Top of Study material

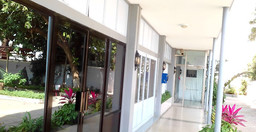 hotel-marinha-1.jpg 2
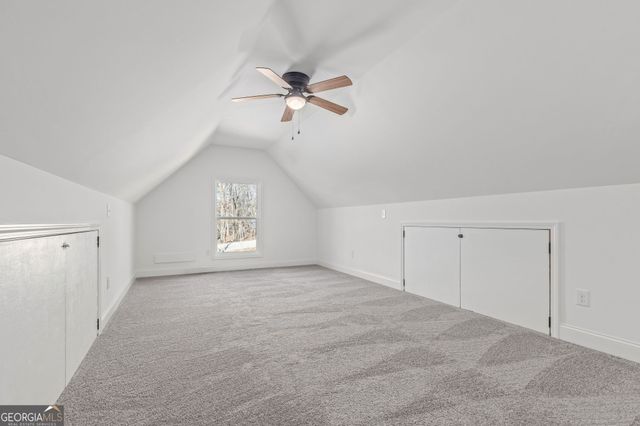 954 The Orchard Road, Clarkesville, GA 30523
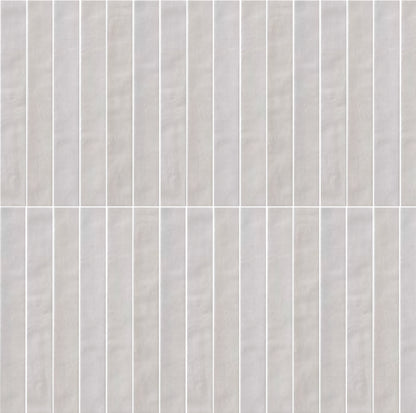 Neo | 2"x15" Porcelain Stoneware Wall Tile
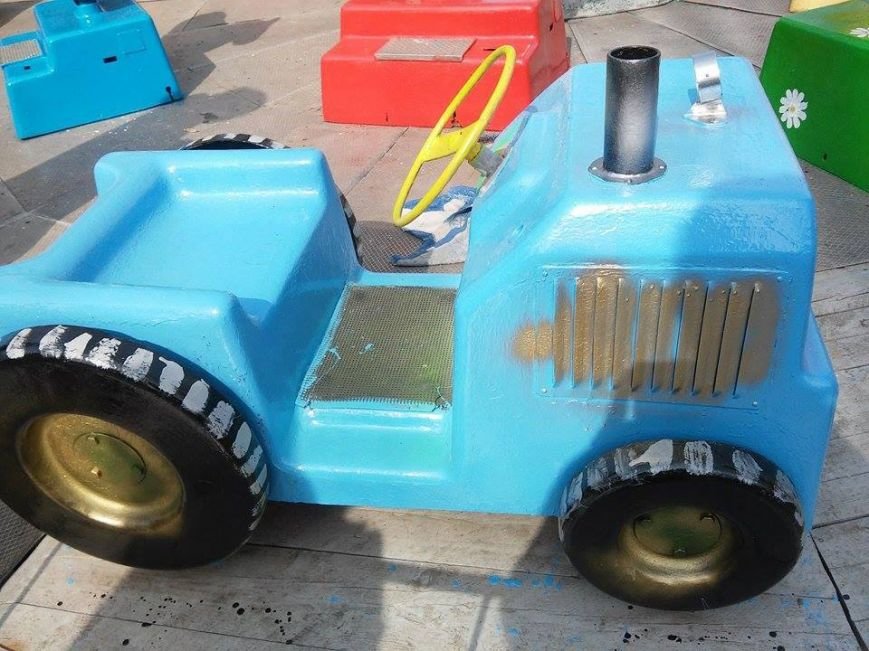 10308945_945974652102112_700902089195842834_n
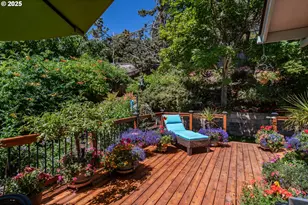 169 NW Brent Ct, Roseburg, OR 97471 - Photo 44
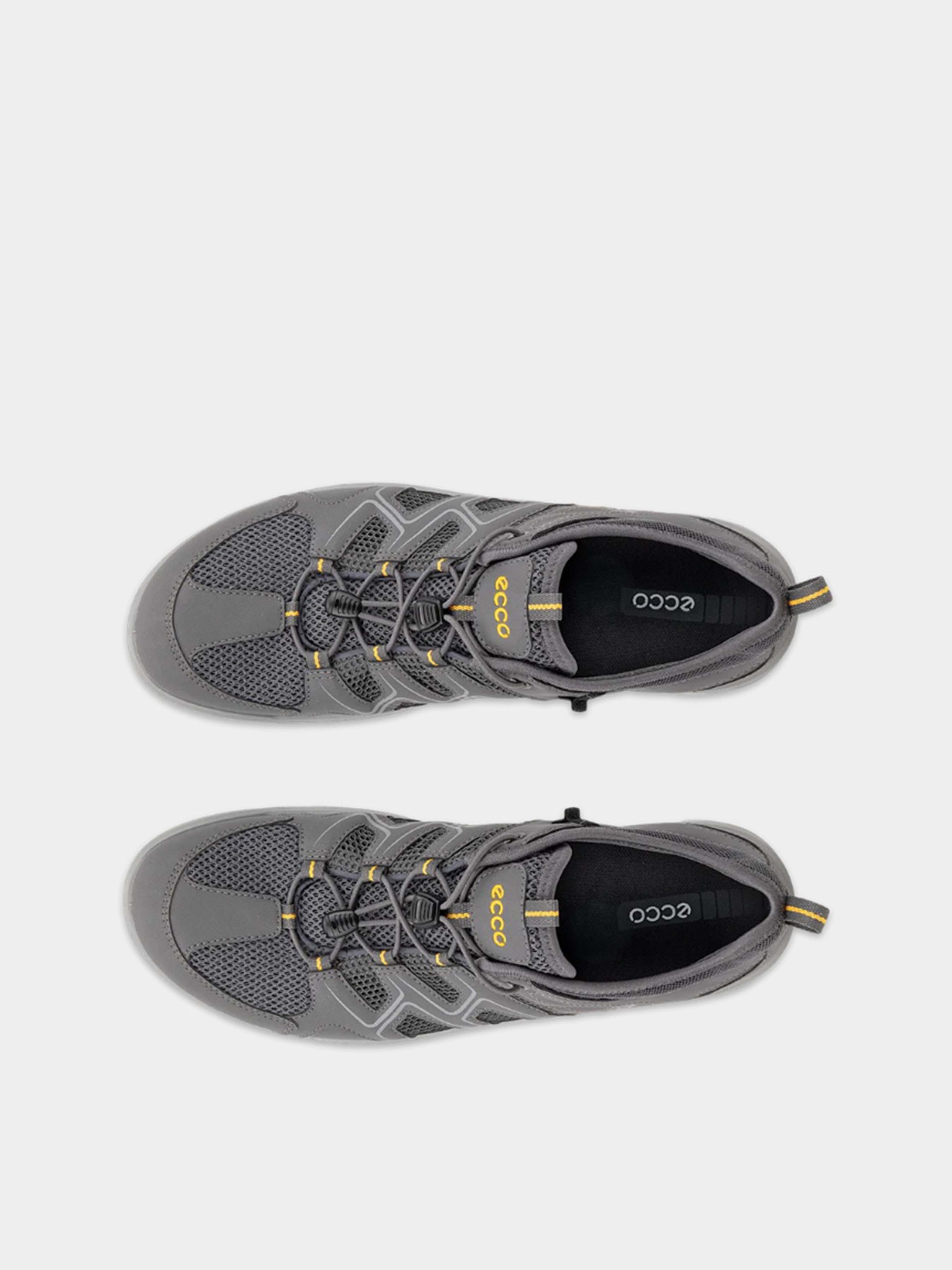 Кросівки ECCO Terracruise LT модель 82577450869 Фото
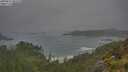 ./images/calvert/foggy-cove/20250623/foggy-cove20250623_081010M.jpg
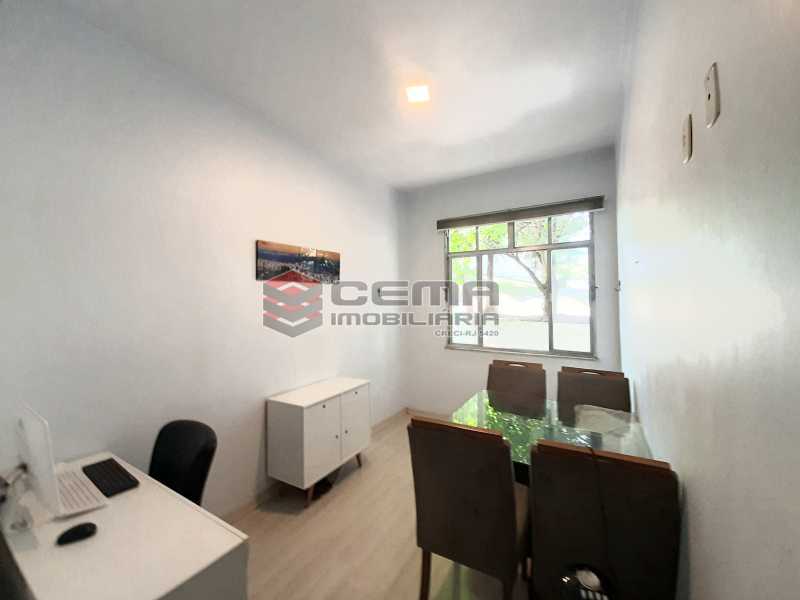 Conheça 20210114_011943 do imóvel - Apartamento para alugar com 2 quarto e 1 vaga na garagem no Leblon, Zona Sul, Rio de Janeiro, RJ, 34m2 - LAAP12771 - 3 20210114_011943 - Apartamento para alugar com 2 quarto e 1 vaga na garagem no Leblon, Zona Sul, Rio de Janeiro, RJ, 34m2 - LAAP12771 - 3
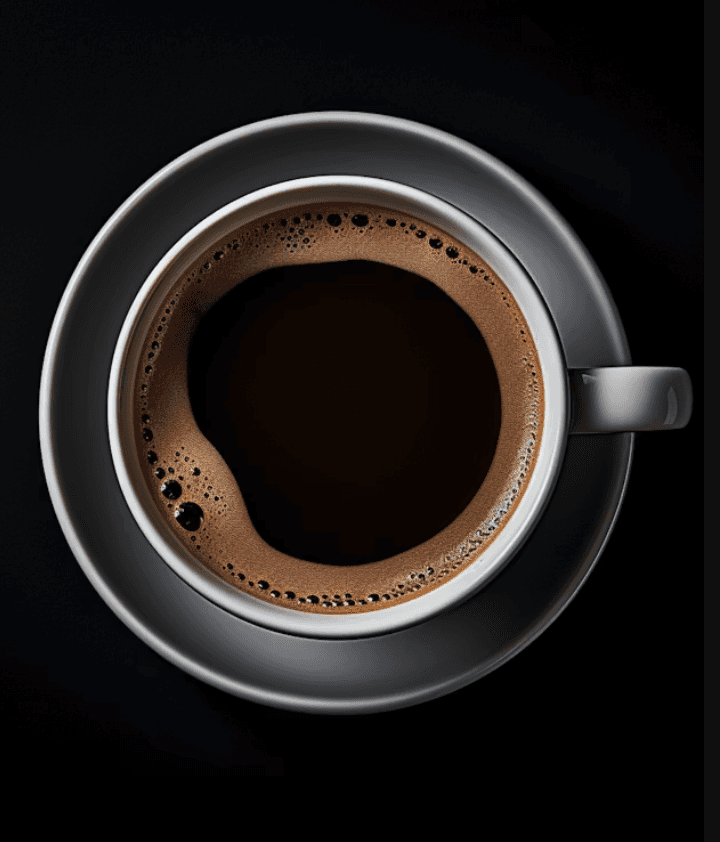 Team working at the table in well lit office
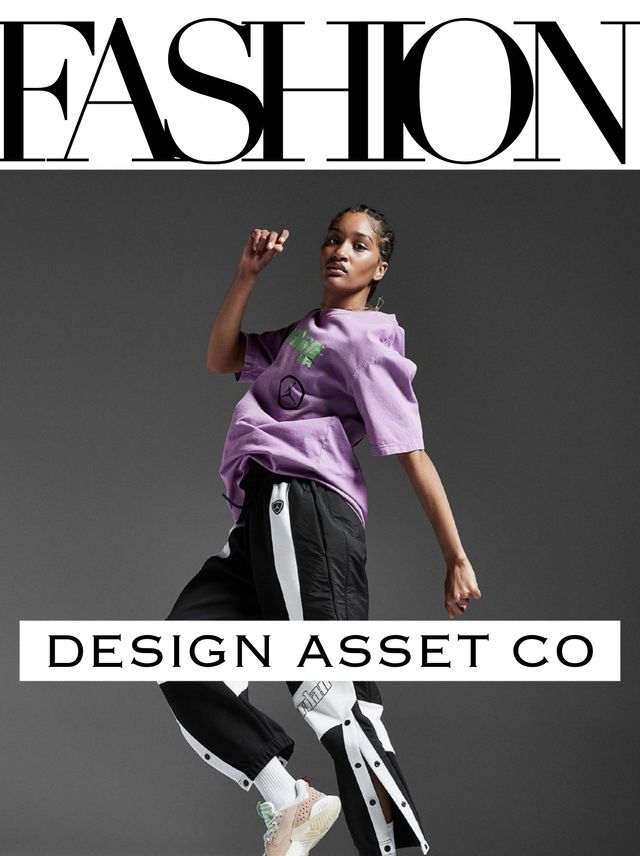 FASHION VII UAE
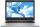 HP ProBook 640 G5 laptop ("B" kat.) 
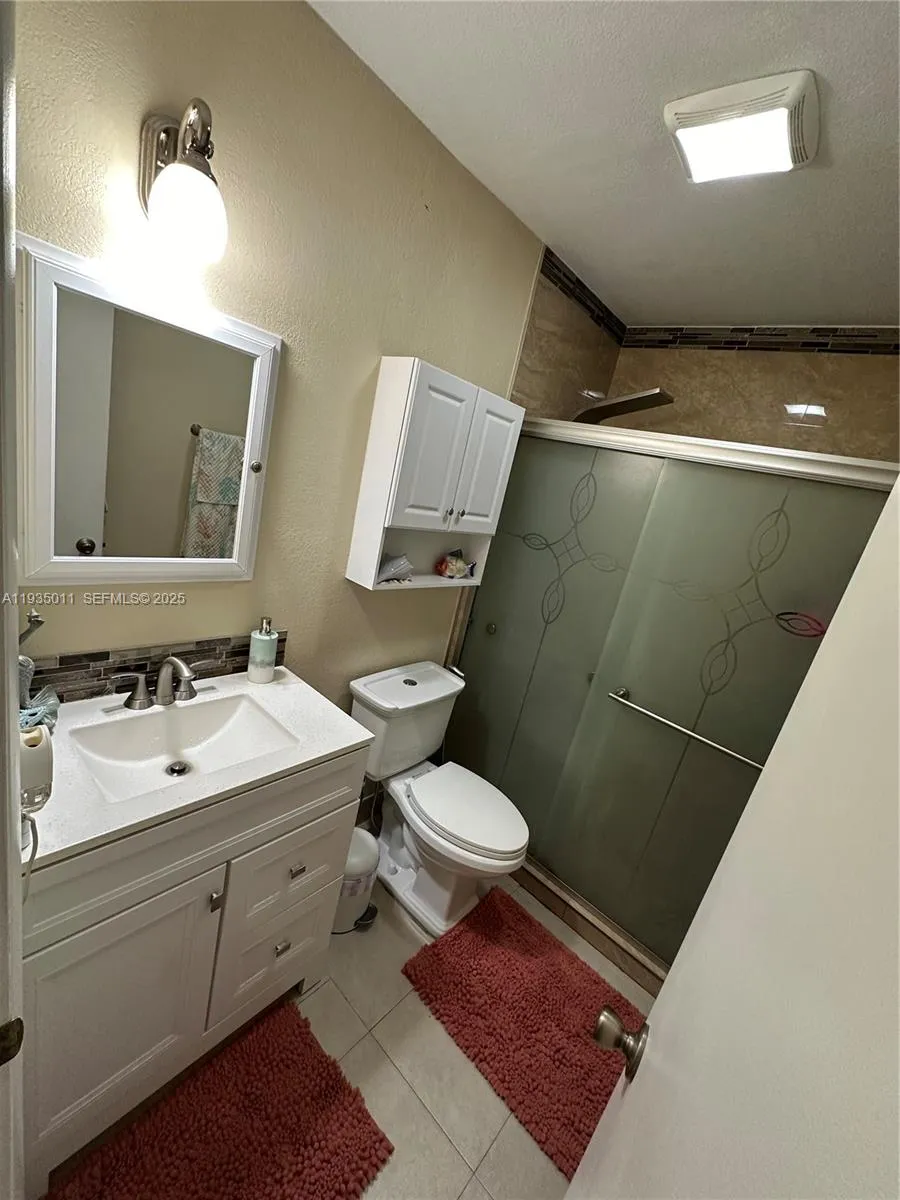 19360 Sw 116th Ave, Miami, Florida 33157, Miami, Florida 33157, 3 Bedrooms Bedrooms, ,1 BathroomBathrooms,Residential,For Sale,19360 Sw 116th Ave, Miami, Florida 33157,A11935011
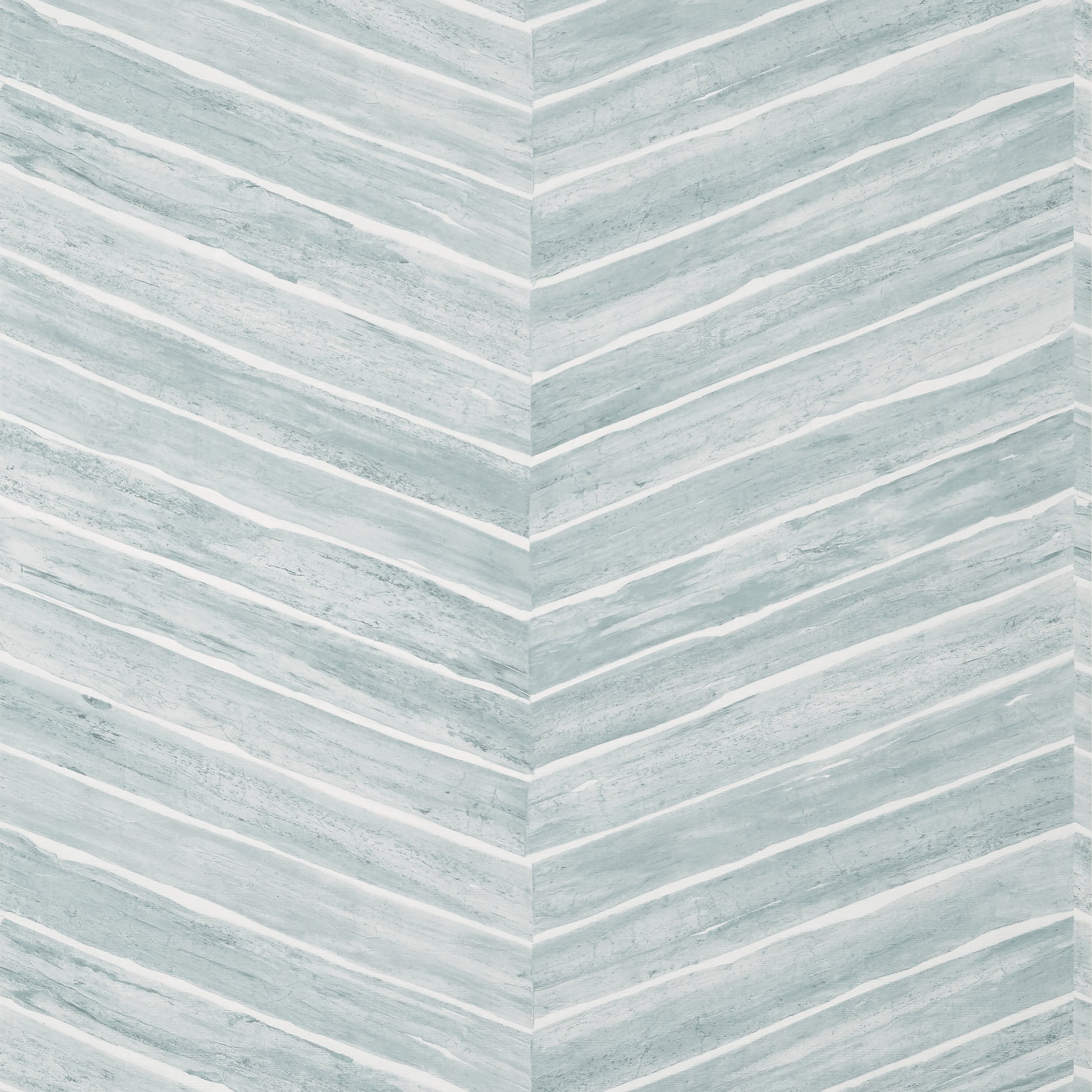 Find Thibaut Wallpaper Item# Tww14571 Pattern Name Wood Herringbone From The Collection Texture Resource 8.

Bottom of Study material

_What to produce:_
Find the line containing "Team working at the table in well lit office", then extract it and every line after it to the end of the data above, exactly and nothing else, without pictures.

_Written solution:_
 Team working at the table in well lit office
 FASHION VII UAE
 HP ProBook 640 G5 laptop ("B" kat.) 
 19360 Sw 116th Ave, Miami, Florida 33157, Miami, Florida 33157, 3 Bedrooms Bedrooms, ,1 BathroomBathrooms,Residential,For Sale,19360 Sw 116th Ave, Miami, Florida 33157,A11935011
 Find Thibaut Wallpaper Item# Tww14571 Pattern Name Wood Herringbone From The Collection Texture Resource 8.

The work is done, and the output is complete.